Ce processus de marché concurrentiel, bien sûr, ne fonctionne pas instantanément. (Le gouvernement et les tribunaux ne fonctionnent pas non plus de manière instantanée.) Mais l’histoire nous assure que le processus de marché concurrentiel Est-ce que fonctionner.

À la fin du 19e siècle, la Standard Oil était considérée comme un monopoleur indomptable. Pourtant, il a perdu une part de marché significative bien avant d’être traduit en justice pour des violations présumées des lois antitrust. À peu près à la même époque, on pensait que les chemins de fer possédaient un grand pouvoir de monopole; après tout, il faut beaucoup de temps et d’argent pour construire de nouvelles lignes de chemin de fer en concurrence avec celles existantes. Pourtant, non seulement les chemins de fer ont eu du mal à faire des cartellisations sans l’aide du gouvernement, mais les camions motorisés sont apparus comme des concurrents efficaces (jusqu’à ce que cette concurrence soit supprimée par le gouvernement).

De mon vivant, les «Big Four» (plus tard, «Big Three»), les constructeurs automobiles du Michigan ont été considérés comme un danger pour le public en raison de leur prétendu pouvoir de monopole. Quels consommateurs aujourd’hui tremblent de peur d’être retenus en otage par General Motors, Ford ou (Fiat) Chrysler?

Il n’y a aucune raison de supposer que les entreprises technologiques «dominantes» d’aujourd’hui sont moins soumises aux forces de la concurrence que ne l’étaient les entreprises «dominantes» d’hier – entreprises qui sont aujourd’hui soit diminuées, soit disparues. Il n’y a donc aucune raison pour que le gouvernement réglemente les entreprises «dominantes» d’aujourd’hui comme si elles étaient de véritables et invincibles monopoles.

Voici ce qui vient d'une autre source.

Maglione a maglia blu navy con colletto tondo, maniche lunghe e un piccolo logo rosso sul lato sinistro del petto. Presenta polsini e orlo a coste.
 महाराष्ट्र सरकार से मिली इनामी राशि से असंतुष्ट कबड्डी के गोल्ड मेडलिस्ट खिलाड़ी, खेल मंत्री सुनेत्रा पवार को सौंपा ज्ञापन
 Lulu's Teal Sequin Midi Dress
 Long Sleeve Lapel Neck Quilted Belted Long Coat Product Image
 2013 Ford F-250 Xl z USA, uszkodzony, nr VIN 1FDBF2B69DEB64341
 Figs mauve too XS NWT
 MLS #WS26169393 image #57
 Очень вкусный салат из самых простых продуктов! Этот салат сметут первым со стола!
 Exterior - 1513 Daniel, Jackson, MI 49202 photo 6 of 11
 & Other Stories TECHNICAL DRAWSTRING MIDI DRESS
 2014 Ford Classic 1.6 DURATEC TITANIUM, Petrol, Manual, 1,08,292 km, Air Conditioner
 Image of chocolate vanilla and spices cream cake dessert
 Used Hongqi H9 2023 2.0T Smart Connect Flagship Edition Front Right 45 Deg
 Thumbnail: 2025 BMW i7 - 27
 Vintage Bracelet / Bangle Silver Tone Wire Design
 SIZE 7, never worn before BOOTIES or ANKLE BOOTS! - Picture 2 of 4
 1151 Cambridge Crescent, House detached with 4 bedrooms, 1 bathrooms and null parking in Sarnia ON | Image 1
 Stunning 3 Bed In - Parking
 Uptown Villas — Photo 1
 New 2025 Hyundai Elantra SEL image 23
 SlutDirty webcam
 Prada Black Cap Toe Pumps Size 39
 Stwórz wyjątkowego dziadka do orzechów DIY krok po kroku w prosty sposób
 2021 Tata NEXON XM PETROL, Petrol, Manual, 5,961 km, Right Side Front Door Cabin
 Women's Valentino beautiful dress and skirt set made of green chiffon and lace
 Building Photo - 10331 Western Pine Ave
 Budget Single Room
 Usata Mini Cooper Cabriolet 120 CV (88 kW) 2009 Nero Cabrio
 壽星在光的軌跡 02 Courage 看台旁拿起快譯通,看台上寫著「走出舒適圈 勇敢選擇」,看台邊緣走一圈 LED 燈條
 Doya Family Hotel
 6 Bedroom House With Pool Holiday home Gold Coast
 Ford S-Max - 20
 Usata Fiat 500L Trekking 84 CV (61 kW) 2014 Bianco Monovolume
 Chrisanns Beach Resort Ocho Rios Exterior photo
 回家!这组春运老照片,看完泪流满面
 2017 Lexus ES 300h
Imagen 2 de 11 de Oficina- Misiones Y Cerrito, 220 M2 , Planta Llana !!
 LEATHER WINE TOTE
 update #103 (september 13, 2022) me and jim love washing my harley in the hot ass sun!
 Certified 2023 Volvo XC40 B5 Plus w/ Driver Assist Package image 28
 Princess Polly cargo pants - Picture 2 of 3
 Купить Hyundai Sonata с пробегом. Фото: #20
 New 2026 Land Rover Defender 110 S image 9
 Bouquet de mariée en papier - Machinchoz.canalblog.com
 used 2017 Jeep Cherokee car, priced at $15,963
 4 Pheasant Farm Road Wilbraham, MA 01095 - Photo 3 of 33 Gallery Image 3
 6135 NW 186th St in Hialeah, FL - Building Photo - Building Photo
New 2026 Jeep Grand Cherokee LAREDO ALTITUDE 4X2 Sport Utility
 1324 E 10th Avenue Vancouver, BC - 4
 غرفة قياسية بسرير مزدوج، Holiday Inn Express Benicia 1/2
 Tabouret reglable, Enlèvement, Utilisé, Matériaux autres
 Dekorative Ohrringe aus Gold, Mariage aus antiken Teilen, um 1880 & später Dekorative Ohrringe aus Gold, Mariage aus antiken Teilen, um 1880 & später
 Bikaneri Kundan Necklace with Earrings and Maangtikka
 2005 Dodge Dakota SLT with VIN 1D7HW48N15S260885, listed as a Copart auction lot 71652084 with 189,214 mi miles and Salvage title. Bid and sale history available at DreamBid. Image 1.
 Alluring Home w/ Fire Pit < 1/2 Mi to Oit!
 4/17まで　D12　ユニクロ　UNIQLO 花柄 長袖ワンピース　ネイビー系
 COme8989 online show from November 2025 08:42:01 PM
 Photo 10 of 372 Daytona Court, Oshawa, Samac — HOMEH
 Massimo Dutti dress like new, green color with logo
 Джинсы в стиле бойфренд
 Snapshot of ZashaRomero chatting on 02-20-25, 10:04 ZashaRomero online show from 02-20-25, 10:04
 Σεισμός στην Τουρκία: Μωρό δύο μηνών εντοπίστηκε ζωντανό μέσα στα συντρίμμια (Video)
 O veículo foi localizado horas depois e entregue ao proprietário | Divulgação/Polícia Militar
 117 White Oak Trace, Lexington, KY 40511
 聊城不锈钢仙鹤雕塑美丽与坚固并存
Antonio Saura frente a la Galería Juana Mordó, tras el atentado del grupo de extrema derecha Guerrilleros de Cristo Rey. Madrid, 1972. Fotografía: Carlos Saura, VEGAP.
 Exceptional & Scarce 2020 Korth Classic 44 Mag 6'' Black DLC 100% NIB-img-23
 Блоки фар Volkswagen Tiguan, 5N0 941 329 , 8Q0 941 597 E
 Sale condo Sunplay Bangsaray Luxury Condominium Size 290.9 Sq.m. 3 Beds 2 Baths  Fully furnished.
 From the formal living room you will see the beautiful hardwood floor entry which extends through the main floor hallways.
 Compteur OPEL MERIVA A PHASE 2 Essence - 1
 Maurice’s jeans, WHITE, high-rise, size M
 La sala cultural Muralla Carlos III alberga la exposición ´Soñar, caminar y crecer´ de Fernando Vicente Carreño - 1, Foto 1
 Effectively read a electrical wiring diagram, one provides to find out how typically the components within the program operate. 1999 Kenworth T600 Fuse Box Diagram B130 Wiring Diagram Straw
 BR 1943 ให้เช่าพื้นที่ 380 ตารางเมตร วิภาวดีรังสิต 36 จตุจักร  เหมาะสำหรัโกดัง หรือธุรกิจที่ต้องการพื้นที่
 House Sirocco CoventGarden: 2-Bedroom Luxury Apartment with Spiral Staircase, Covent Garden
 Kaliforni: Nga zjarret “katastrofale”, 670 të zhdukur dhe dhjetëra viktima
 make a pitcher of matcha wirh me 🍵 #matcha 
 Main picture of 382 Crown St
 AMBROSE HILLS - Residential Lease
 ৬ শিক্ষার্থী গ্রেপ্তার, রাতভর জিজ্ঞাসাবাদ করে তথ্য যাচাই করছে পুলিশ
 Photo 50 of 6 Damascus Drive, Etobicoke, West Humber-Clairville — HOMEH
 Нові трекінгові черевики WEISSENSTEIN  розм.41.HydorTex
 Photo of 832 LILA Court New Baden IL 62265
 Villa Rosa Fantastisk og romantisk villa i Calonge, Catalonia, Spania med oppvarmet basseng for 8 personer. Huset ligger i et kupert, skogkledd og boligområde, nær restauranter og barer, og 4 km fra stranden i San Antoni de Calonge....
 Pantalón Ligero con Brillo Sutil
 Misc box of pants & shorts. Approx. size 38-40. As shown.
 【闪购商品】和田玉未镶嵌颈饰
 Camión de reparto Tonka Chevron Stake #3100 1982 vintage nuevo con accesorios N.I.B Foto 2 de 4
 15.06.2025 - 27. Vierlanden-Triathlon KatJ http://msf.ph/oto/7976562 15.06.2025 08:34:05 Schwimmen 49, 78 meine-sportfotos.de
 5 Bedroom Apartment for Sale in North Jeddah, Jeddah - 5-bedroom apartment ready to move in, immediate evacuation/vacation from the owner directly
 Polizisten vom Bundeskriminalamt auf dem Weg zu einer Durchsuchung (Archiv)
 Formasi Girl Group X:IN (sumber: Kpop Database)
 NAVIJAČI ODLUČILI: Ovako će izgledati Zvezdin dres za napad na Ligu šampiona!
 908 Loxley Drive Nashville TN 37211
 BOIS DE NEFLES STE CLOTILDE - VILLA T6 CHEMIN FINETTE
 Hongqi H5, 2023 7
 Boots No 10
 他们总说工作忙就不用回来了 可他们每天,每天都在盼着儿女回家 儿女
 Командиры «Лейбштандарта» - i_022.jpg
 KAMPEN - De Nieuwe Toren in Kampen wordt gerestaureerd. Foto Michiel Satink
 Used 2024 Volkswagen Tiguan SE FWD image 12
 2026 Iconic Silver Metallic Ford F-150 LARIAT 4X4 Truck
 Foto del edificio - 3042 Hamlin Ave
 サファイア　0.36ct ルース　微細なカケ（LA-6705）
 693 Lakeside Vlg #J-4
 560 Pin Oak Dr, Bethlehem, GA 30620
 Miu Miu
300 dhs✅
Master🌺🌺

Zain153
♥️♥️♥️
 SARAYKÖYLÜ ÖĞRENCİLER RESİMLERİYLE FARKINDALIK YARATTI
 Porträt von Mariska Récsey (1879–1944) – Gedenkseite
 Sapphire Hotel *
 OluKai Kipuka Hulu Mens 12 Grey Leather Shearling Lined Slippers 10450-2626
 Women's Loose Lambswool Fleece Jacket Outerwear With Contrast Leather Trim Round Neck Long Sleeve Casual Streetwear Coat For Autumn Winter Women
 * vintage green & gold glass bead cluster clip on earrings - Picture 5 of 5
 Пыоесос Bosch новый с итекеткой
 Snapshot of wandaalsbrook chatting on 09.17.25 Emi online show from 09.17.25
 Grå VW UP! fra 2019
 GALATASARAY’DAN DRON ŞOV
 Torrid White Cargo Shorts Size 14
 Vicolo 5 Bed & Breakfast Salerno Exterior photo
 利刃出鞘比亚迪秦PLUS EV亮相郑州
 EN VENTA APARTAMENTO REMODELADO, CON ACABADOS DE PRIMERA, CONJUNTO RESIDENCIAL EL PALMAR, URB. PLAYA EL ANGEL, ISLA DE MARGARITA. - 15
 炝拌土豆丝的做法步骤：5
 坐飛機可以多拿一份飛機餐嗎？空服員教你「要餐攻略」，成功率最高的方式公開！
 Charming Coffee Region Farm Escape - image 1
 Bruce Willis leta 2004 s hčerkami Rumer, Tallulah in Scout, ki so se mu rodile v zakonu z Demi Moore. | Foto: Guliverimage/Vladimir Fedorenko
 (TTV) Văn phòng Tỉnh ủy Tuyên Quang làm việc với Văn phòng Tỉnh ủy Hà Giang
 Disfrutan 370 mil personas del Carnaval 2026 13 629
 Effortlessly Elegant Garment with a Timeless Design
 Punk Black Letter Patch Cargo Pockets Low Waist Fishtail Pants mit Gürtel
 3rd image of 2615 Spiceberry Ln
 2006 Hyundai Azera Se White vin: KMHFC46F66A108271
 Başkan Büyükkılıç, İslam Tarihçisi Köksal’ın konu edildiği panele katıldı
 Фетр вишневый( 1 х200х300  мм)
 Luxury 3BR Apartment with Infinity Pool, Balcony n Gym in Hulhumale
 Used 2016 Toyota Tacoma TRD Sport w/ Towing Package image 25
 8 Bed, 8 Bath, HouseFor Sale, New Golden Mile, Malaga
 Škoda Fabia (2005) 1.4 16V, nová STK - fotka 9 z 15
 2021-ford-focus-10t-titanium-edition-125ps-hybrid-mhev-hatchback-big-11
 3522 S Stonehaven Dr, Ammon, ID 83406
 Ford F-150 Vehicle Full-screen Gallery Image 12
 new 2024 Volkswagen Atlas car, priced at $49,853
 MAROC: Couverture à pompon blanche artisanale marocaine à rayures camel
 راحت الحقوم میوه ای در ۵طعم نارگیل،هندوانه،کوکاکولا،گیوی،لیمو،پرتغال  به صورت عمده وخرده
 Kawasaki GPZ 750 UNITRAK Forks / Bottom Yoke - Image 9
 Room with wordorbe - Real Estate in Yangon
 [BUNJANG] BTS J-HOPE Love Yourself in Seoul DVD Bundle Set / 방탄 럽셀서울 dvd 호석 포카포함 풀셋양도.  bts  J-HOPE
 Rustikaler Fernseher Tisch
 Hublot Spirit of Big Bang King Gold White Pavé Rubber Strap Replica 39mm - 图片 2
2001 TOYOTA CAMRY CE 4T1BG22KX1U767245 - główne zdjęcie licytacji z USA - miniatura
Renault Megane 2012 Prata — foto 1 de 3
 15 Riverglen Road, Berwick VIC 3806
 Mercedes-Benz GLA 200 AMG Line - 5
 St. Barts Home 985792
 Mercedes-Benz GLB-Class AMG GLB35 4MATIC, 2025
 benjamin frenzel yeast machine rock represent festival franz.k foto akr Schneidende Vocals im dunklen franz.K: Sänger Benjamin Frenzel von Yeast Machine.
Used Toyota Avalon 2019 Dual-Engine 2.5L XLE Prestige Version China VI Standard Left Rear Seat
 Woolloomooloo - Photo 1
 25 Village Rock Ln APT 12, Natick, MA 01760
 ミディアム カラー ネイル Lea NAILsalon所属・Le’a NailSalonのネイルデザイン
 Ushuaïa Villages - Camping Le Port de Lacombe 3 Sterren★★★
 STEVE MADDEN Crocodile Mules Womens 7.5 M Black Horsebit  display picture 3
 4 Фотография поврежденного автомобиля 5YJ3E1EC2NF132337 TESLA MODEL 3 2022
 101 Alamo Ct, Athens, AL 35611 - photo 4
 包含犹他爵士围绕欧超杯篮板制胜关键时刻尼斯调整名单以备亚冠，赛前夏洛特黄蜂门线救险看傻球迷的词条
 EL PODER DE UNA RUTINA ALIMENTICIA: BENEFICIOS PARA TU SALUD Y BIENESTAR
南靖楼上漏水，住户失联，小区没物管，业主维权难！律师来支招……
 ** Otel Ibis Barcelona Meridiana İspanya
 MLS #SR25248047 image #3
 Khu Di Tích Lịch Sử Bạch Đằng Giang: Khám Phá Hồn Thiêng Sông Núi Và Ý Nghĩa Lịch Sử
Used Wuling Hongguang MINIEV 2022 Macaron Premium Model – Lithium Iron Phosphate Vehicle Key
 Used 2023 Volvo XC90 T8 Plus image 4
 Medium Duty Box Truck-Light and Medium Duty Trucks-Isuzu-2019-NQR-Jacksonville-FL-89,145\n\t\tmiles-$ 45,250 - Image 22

La condition principale pour qu’une telle concurrence reste réelle et efficace est que le gouvernement ne lui fasse pas obstacle. Tant que le gouvernement lui-même reste neutre et non discriminatoire, la meilleure protection pour les consommateurs et pour le gouvernement est le processus de libre-échange.

Donald J. Boudreaux

Donald J. Boudreaux

Donald J. Boudreaux est chercheur principal à l’American Institute for Economic Research et au programme FA Hayek pour des études avancées en philosophie, politique et économie au Mercatus Center de l’Université George Mason; un membre du conseil d’administration du Mercatus Center; et professeur d’économie et ancien directeur du département d’économie de l’Université George Mason. Il est l’auteur des livres The Essential Hayek, la mondialisation, Hypocrites et demi-esprit, et ses articles apparaissent dans des publications telles que le Wall Street Journal, New York Times, Nouvelles américaines et rapport mondial ainsi que de nombreuses revues savantes. Il écrit un blog appelé Cafe Hayek et une chronique régulière sur l’économie pour le Pittsburgh Tribune-Review. Boudreaux a obtenu un doctorat en économie de l’Université Auburn et un diplôme en droit de l’Université de Virginie.